A time-frequency graph also know as a TF distribution, is a spectrogram, a spectrograph, a sonogram, a waterfall display of sound. They are all different names for the same thing. They look like this:
Just as white light contains many wavelengths of colors, sound energy contains bass, mids and high all in the same moment in time, a bit like a water wave has multiple wave sizes, sound energy is the same with sound pressure levels.
Modulation refers to the variation of a simple signal, like tarzan modulates his voice using a kind of tremolo effect, so does a car alarm, and a bird has very varied squeak effects with tremolo effects and also changes from squeaks into clicks into hisses, spectral changes in the timbral quality of the sound. Modulation is a scientific word for the variations of the amplitudes and frequencies of a communications signal.
They write about temporal modulation and spectral(pitch) modulation, it's just hte changes on the time-frequency graphs.
Modulation power spectrum is a relatively obscure field of bioacoustics, it attempts to generalize the fluctuations and patterns of loudness and squeak spectrums into another graph, which is a bit like a secondary time and freqency graph derived from the first sound time and frequency graph, else a 2D graph as in the illustrations, which show sound fluctuation prevalence as an average of the TF graph(a averaged sound fluctuation prevalence of the spectrograph). so, if tarzan's voice oscillates every 1 second, he has a major modulation at 1Hz spectrally, and a minimal amplitude modulation, and they will graph that as a peak as 1Hz on the MPS graph.
We can see on this image that The human speech spectrogram on the top left is mostly at 500HZ, with some S and CH sounds at 2000hz.
For the MPS of the human voice, they have correlated Spectral modulations against Temporal modulations. It is easy to see that the human voice mosly changes at arond 1HZ, same as tarzan's voice, because syllables and pauses take about .5 to 1 second (average words per minute of a human is about 50, average syllables per minute is about 120). So it is easy to see a temporal modulation peak at 1Hz.
The less clear thing is that it is plotted against spectral modulation, which is 2-3 octaves of change, an octave being a doubling of wave speed and frequency.

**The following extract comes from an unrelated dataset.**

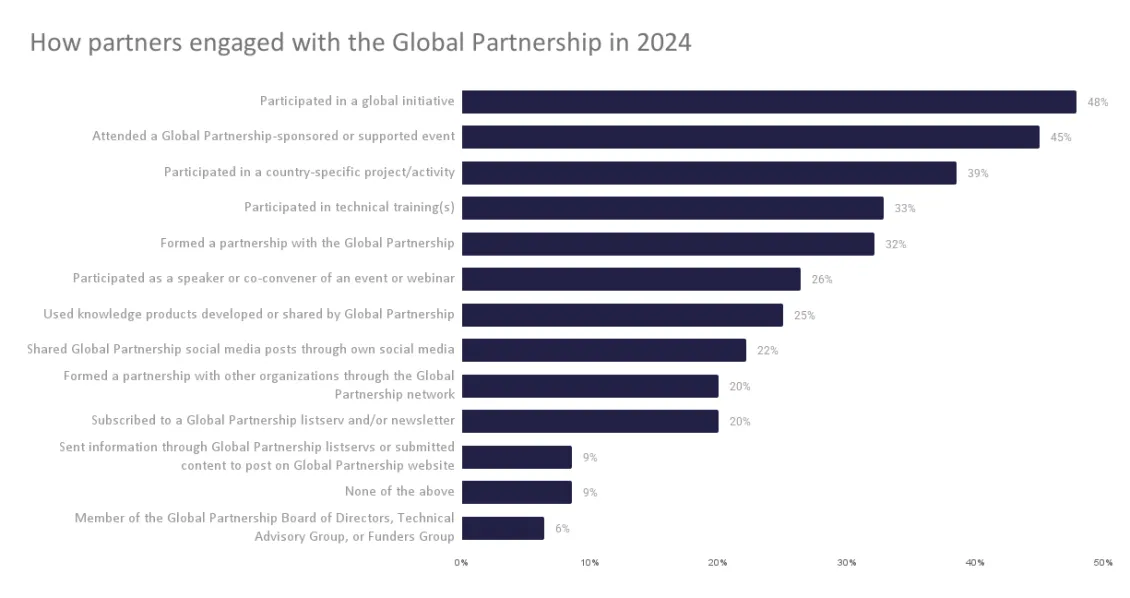 How partners engaged in 2024 - graph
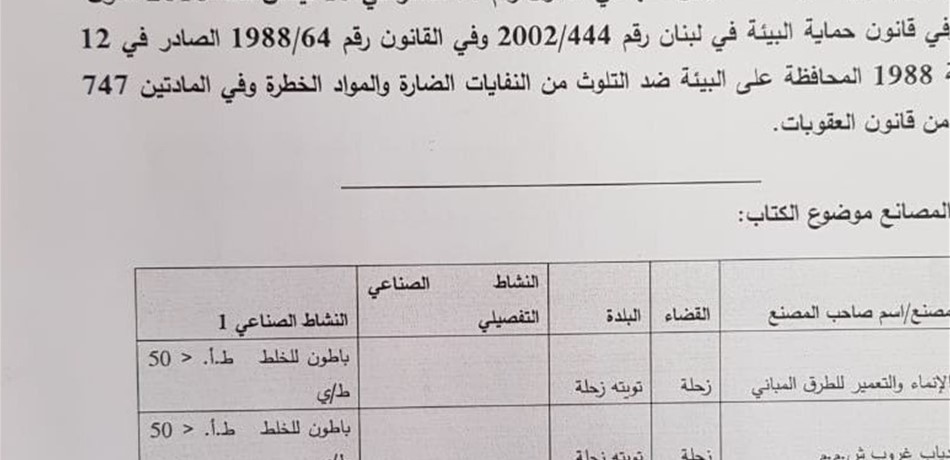 Documents 112629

So we can say that the main spectral modulations of the human voice occur over 2-3 octaves at a speed of about 1Hz.
There is a secondary peak, which suggest that there is a change of about 1 octave that occurs at about 200-300 HZ. That is the gruff buzz that you hear in your own man voice, it is about 150HZ and it has about .5-1octave, the base frequency of your voice being 150Hz and various 3rds adn 5ths of an octave, and another octave at 350Hz, seems to be visible from that graph.
tarzan voice: https://www.researchgate.net/profile/Alexandre_Hyafil/publication/283260815/figure/fig2/AS:293940512215079@1447092287682/A-Phase-Frequency-coupling-can-be-mistaken-for-Phase-Amplitude-Coupling-Top-curves-An.png
MPS seems to have been used to study neuron responses in psycho-acoustics.
Neurons interpret sounds using some kinds of complex time and freqency variation(modulation) recognition(resolution) and the researchers use MPS as they say it fits well with the neuron psychoacoustics study.
I would suggest that there are many other ways of measuring psycho acoustic nerve responses and bioacoustics than only MPS, it is an over simplification of sound analysis, and the Digital-Signal-Processing forum on this website will inform you that there are also 100ds of other maths and analysis algorythms that you can run on sound to study Time-Frequency Graphs, and to define sound in many different ways than MPS.
very pure sounds like sine waves make tight lines on a time frequency graph, noise makes very scattered signals at all frequencies, and sounds with many harmonic modes make nice ordered lines of smaller subharmonics that reflect the base frequency of a signal, which resemble echoes of the original sound in parralel with it, and that are on a different frequency.